The next day (a Saturday) I had a keynote talk at our provincial association on a topic which really interests me. I’d been reading about it in class and wanted to share the ideas with my professional peers. But it was a new concept, and a new talk, which (again) takes hours and hours of prep, rehearsal and adrenaline.  Since February I had taken to waking between 4 and 5 – then just getting up to work. It was the only time that was quiet, and the only time I could write (I am writing this now while the house is asleep – except for my cat who demands to be picked up!). You can do that for a while – and it helped me write my comps paper, prepare for my pitch and write my talk – but not forever.

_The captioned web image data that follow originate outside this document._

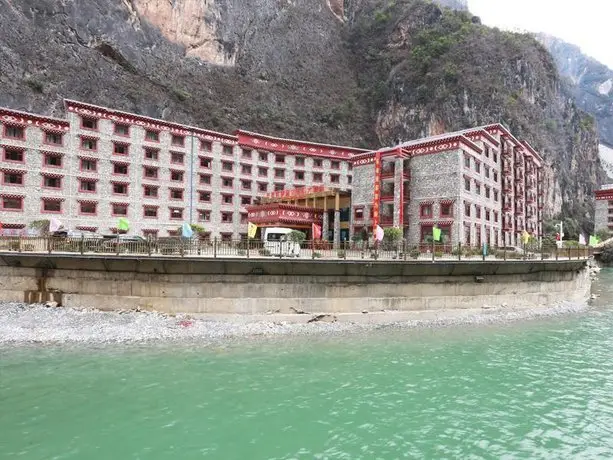 Balagezong Tibetan Ecological Hotel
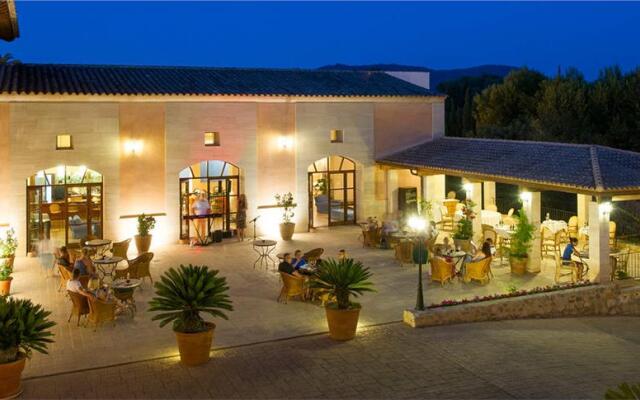 Pula Suites Boutique Resort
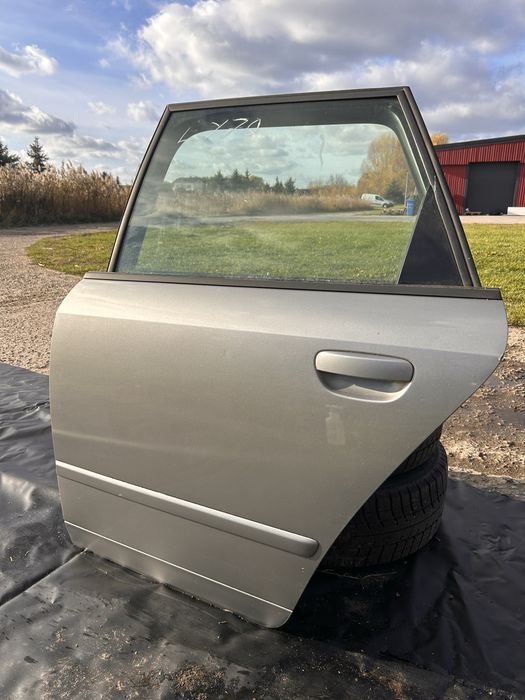 Drzwi Audi A4 B6 lewy przód/lewy tył/kombi/kod LY7Q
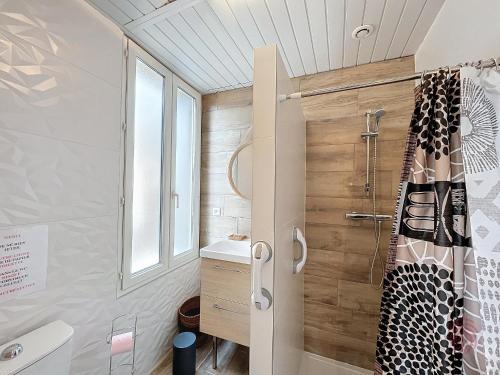 La petite salle de bains est pourvue d'une douche et d'un lavabo. dans l'établissement Appartement F2 Climatisé avec Terrasse à 100m des Thermes et du Centre de Lamalou-les-Bains - FR-1-451-201, à Lamalou-les-Bains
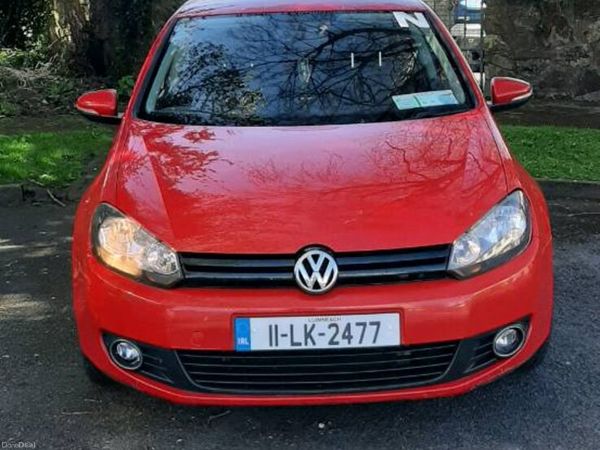 Volkswagen Golf Hatchback, Petrol, 2011, Red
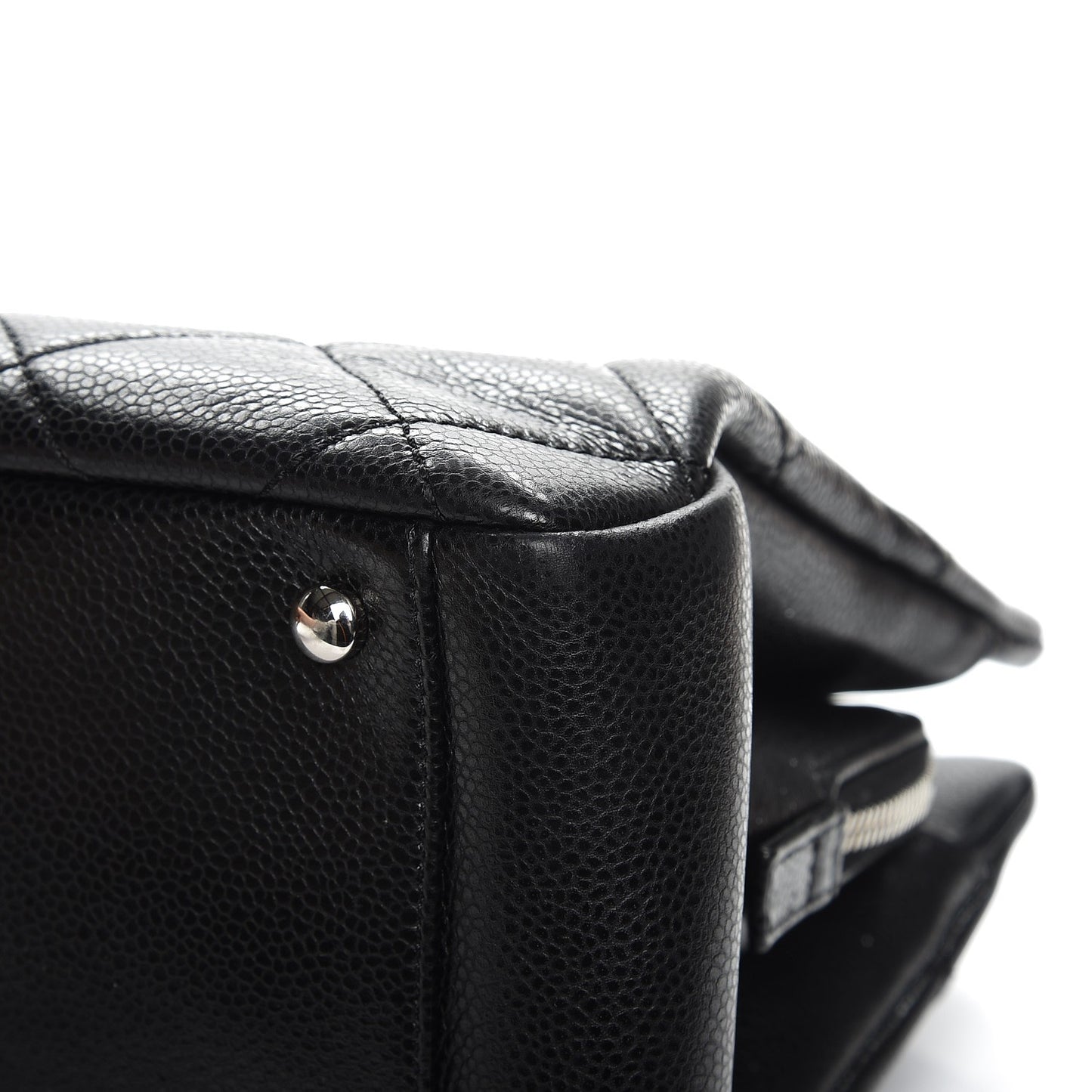 Caviar Quilted CC Timeless Tote Black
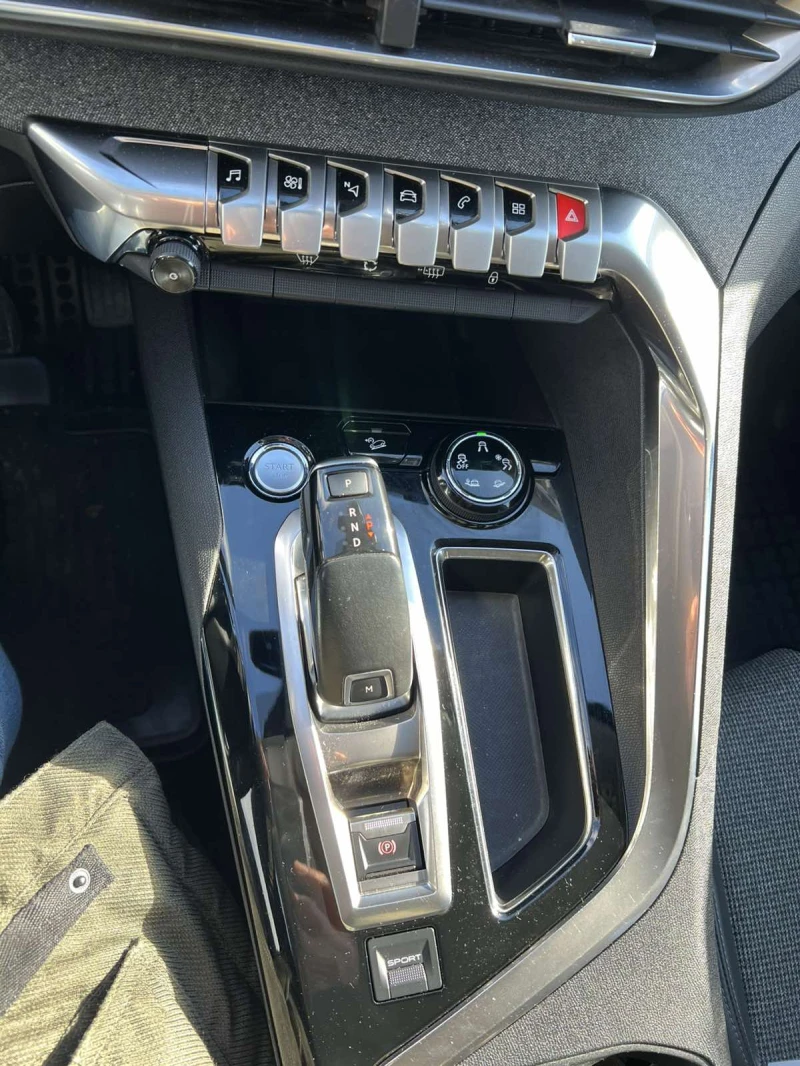 Peugeot 3008 1.6  BlueHDI 120k.c. Allure S&S EAT6, снимка 14 - Автомобили и джипове - 53151915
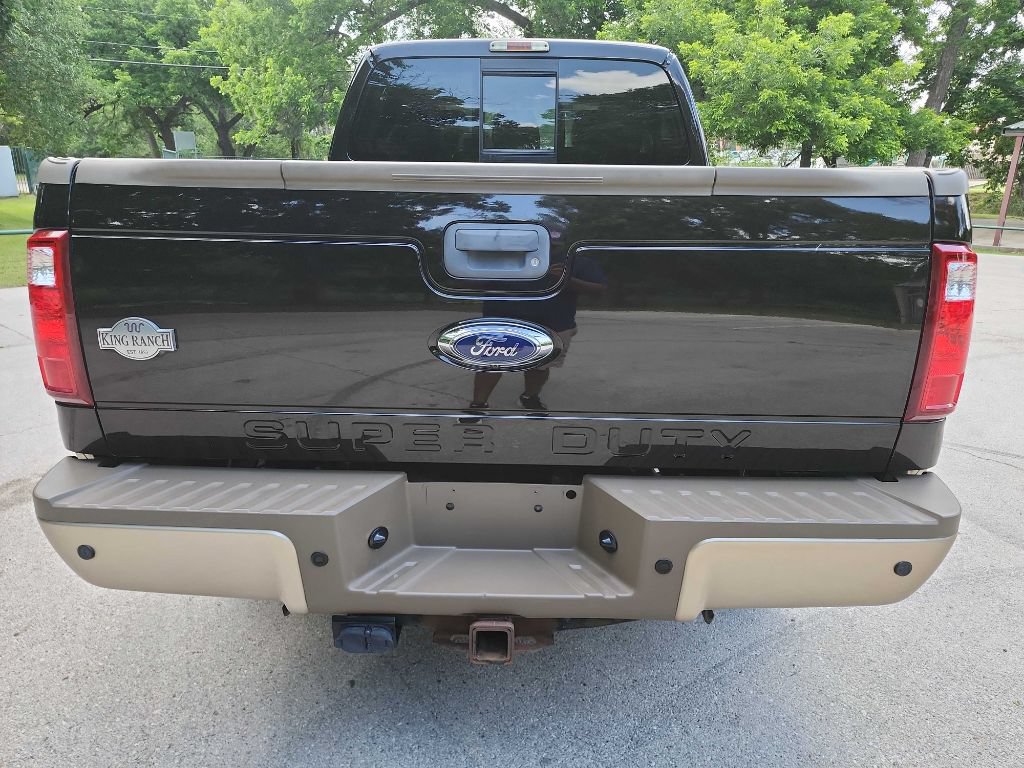 Used 2014 Ford F250 King Ranch w/ FX4 Off-Road Package AWD/4WD image 6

So, Sunday I try and get out of bed and it won’t happen. My head is aching, I feel like a black cloud has descended. There’s work to do, kid’s baseball games to watch, a gym appointment, the grass needs cutting…. Sunday stuff.  But I can’t do it.  I lie there, until noon.  I imagine quitting my job, quitting the doctorate. I struggle to understand why all this stuff is in any way important.  The life of the family continues without me – doors slam, food is made, cups of tea appear at my bedside. I think “I can’t do this anymore, my brain is fried”. It was frightening, a glimpse into what can happen if the candle burning at both ends up setting the house on fire! I got up, eventually, and went to work again on Monday but with a sense that the line between OK and not OK is very, very thin. This week I am tentative, careful – taking breaks, making sure I stretch, drinking my chia smoothies. But it is not the same.  My feelings are close to the surface, my patience is limited, my cuticles are raw.

There’s a lot of research that shows doing a doctorate is a tough gig, and can affect your mental health. I expected that to be later, maybe next year – with my transcripts piled around me and feeling like I was getting nowhere. I just didn’t expect it to be so soon.